We choose CHASE’19 because it provides high-rate (5 kHz) power traces segmented into fixed 1.5 s windows (7500 samples) with labels for four device states, allowing consistent single-device, cross-device, and leave-one-device-out evaluations within the same corpus [23]. It is widely referenced in the power-based IoT IDS studies we cite, thereby preserving comparability with prior work. We therefore position our results as a baseline benchmark and plan to extend the pipeline to newer datasets in future work.

3. Our Approach

This section describes the overall processing pipeline for power consumption–based IoT botnet detection. Our approach encompasses data acquisition and preprocessing, classical feature engineering, and the design and training of several models, ranging from classical machine learning to deep learning and hybrid architectures.

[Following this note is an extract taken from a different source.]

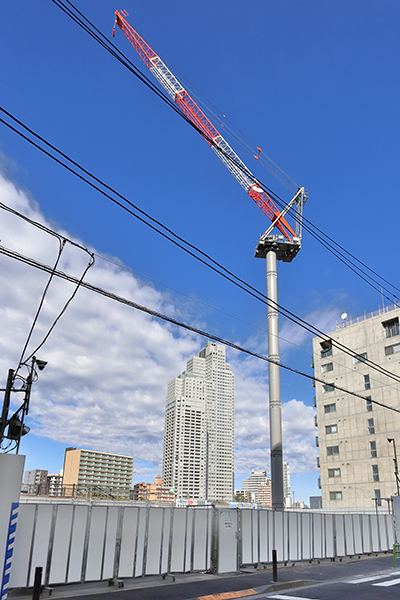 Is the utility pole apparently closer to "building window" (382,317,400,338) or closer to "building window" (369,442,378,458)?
"building window" (382,317,400,338)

As shown in Figure 2, the pipeline proceeds through four stages:

• Stage 1. Data Preparation: IoT power traces are grouped into one-device and cross-device sets and split into Train/Val/Test.
• Stage 2. Data Preprocessing: Each 1.5 s window (7500 samples) is normalized and then routed either to (i) feature engineering, an 11-D vector of time/frequency statistics plus low-band energy used by SVM/RF or to (ii) deep-learning reshaping: $(1,7500)$ for CNN/CNN + RF and $(75,100)$ for LSTM, a 1D Transformer, and hybrid models; Train/Val loaders are then built.
• Stage 3. Model Training: We train and validate under both single-device and cross-device regimes, compare validation metrics, and save the checkpoints.
• Stage 4. Evaluation and Benchmarking: The trained single-device and cross-device models are loaded in parallel lanes to run test-time intrusion detection (with the same normalization), compute accuracy, precision, recall, F1, ROC–AUC, and efficiency (latency, throughput), after which we compare models and select the best configuration for deployment.

3.1. Workflow

3.1.1. Dataset and Preprocessing

We adopt the CHASE’19 dataset, which consists of power consumption measurements sampled at 5 kHz. Each instance is constructed from a 1.5 s window and contains 7500 data points. The dataset is divided into four classes that capture distinct operational and anomalous patterns: (i) IoT Service (0) represents normal device operations, (ii) Reboot (1) captures power profiles during device restarts, (iii) Idle (2) reflects baseline power usage without activity, and (iv) Botnet (3) contains signatures produced by botnet-induced anomalies.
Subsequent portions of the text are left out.